=== YOUR OBJECTIVE ===
Pictures must not appear; the answer is exactly the lines from the one that holds "Red Cup Thailand" through the end of the material.

** DATA PROVIDED follows **

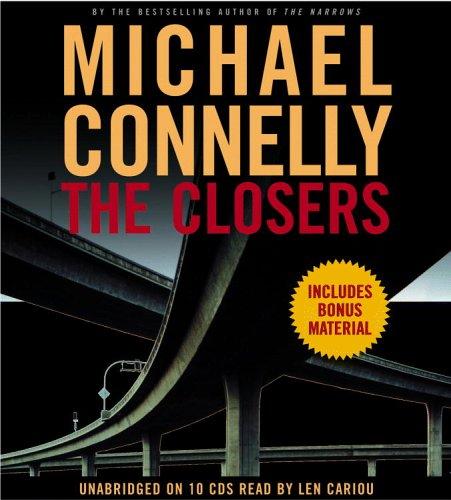 Michael Connelly: The Closers (Harry Bosch) (AudiobookFormat, 2005, Hachette Audio)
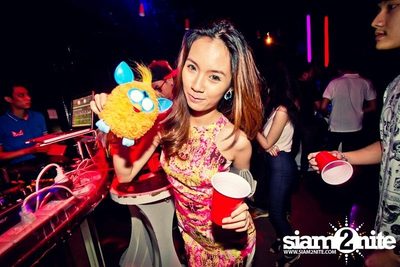 Red Cup Thailand pres. "I WANT YOU" Party — photo 281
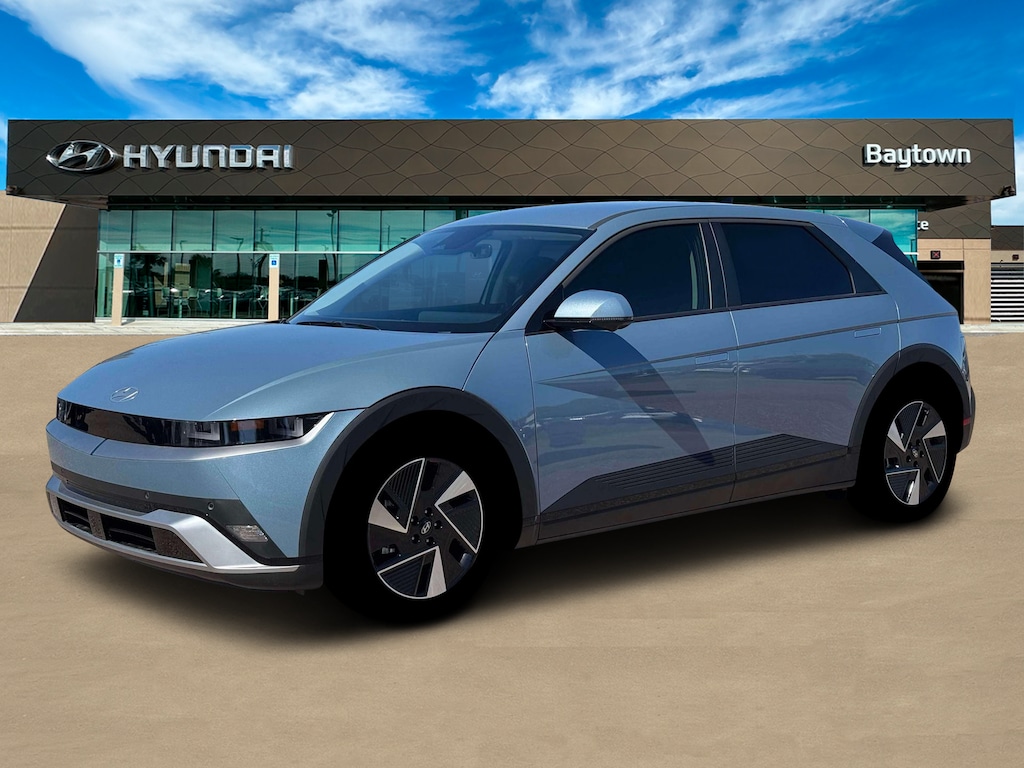 New 2026 Hyundai IONIQ 5 SEL SUV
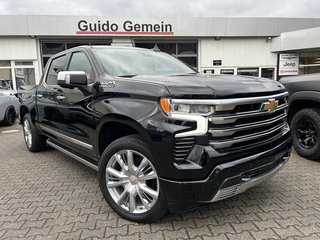 Chevrolet Silverado Vorführfahrzeug Kaufen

** End of DATA PROVIDED **

=== TASK RESULT ===
 Red Cup Thailand pres. "I WANT YOU" Party — photo 281
 New 2026 Hyundai IONIQ 5 SEL SUV
 Chevrolet Silverado Vorführfahrzeug Kaufen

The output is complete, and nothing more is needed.